Y eso consiste en simplificar el proceso que va desde la idea hasta el libro publicado, con distintos niveles de eficacia, porque, no nos engañemos: las microeditoriales son el refugio del editor bibliófilo y del mercader astuto. En el primer caso, que es el menos abundante, sólo aceptará los manuscritos que concuerden con su línea editorial, que tengan una coherencia dentro de su colección y que tengan cierta calidad formal.
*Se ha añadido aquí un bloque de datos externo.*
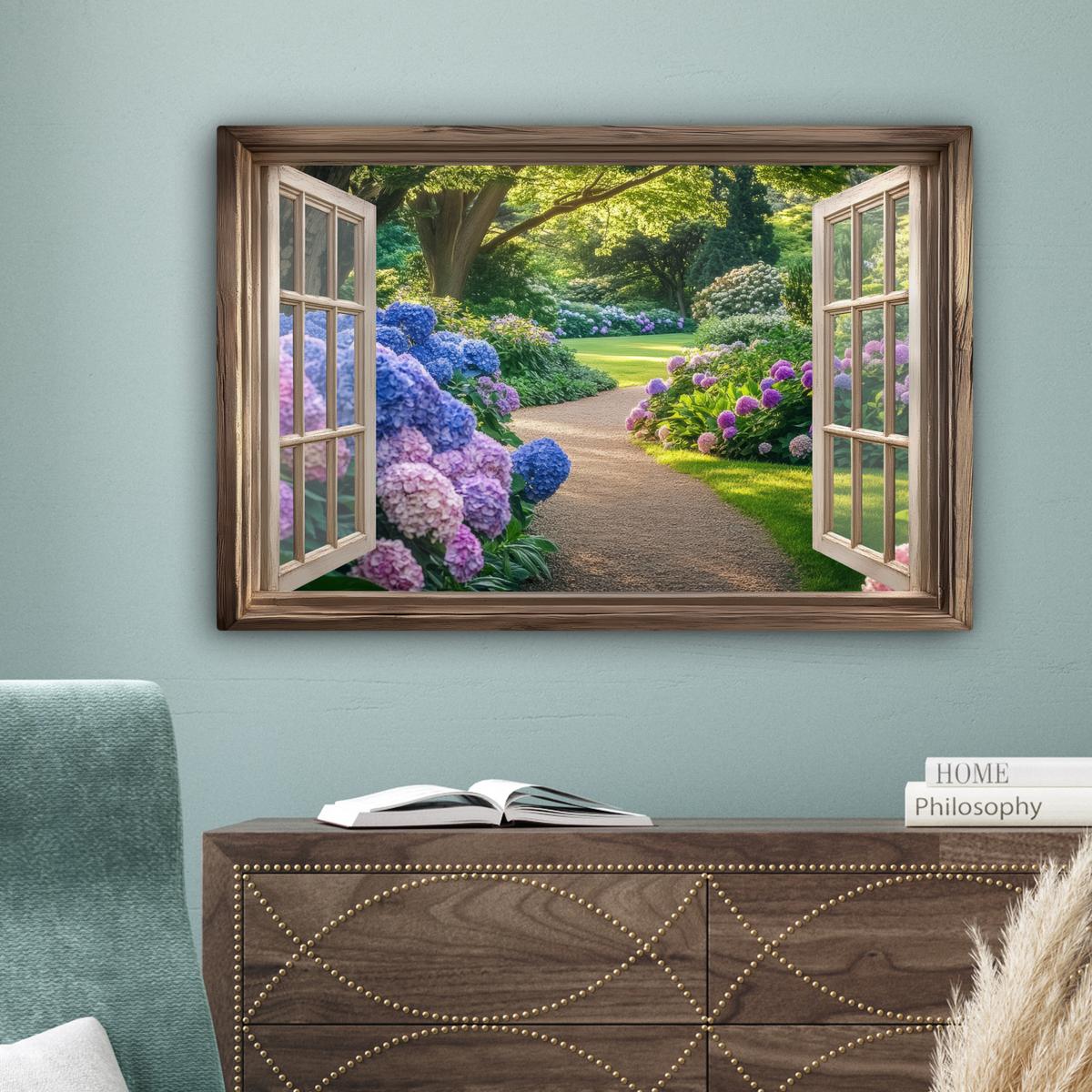 LEINWANDBILD Aussicht - Garten - Fenster - Hortensie - Blumen Wanddeko 90x60 cm - Pastellblau, Textil (90/60cm) - MuchoWow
En el segundo, se publica cualquier cosa que llegue a sus manos, cobrando a tanto la corrección de faltas ortográficas y el diseño de la portada. El problema llega en el momento de la distribución: será difícil que vean en la sección de novedades de una librería un volumen publicado por el propio autor, o que en su presentación se reúna más gente a parte de sus familiares y conocidos. Son contados los casos de éxito, ridículos si los comparamos con el número de ejemplares que ven la luz. El paradigma es, sin duda, el Ulysses de Joyce, aunque la circunstancia de la publicación de este libro daría para otro artículo.

Lectores y lecturas

El tercer punto de apoyo, el más obvio, es el de los lectores: en nuestro país, destaca el caso de El bolígrafo de gel verde, que el propio autor distribuía en las librerías, firmaba a todos los que se interesaban por él y que acabó siendo fichado por Espasa para su distribución nacional. En el mercado anglosajón sí ha habido más casos de autores que han vendido sus ebooks por cientos de miles sin el apoyo de ninguna editorial, bien sea por el método del boca oreja, o por las plataformas de crowfunding: en este último caso, se pide a los usuarios anónimos que apoyen económicamente la publicación (sirve para cualquier tipo de proyectos, y pronto se estrenará El Cosmonauta, primera película financiada a través de las donaciones de los usuarios). Así, vemos que el comité de lectura de las editoriales se ve sustituido por los propios destinatarios finales del producto cultural, haciendo realidad la promesa de que, gracias a Internet, los usuarios son los que tienen la última palabra.

Todos estos filtros no evitan lo evidente: la baja calidad de la inmensa mayoría de los catálogos de esas microeditoriales. Podríamos decir que la profesión de editor está dividiéndose en dos, y hasta en tres disciplinas distintas entre sí, y que suponen tres trabajos diferentes: por un lado, el editor tradicional, con unos largos plazos de lectura, composición y distribución; por otro el editor-impresor que se limita a incorporar un ISBN y un código de barras al texto que le hacen llegar y cobra por ello, y finalmente el editor híbrido, que no puede abandonar del todo la edición tradicional ni quiere convertirse en un mero transmisor de manuscritos, son ellos los que realmente están marcando el camino del futuro editorial, y es encomiable la labor que hacen pequeños sellos como Minobitia, Ganso y Pulpo, Amphibia o Musa a las 9 a la hora de defender y definir la edición digital. Hoy en día es sencillo crear en poco tiempo una empresa, un portal de Internet y una forma de darse a conocer. Pero no hay por qué preocuparse en cuanto al futuro del libro: seguirá siendo difícil la adquisición de un criterio propio y de una línea editorial que atraiga lectores, que es, al fin y al cabo, lo que acaba diferenciando los libros buenos de los prescindibles.

Demonizar las descargas y la piratería no ha servido para salvar a la industria musical, ni tampoco ha acabado con la música: denostar el libro digital e impedir el acceso mediante pantallas a su contenido no hará que mueran los libros, sólo que desaparezcan los que se quejan de ello. Son los escribas del siglo XXI, arrinconados por la aparición de la imprenta. Aunque pataleen y se quejen, es su actitud arrogante la que nos puede llevar a que dentro de unas pocas generaciones alguien encabece un artículo en un periódico con la pregunta «¿Recuerda cuándo fue la última vez que compró un libro en papel?».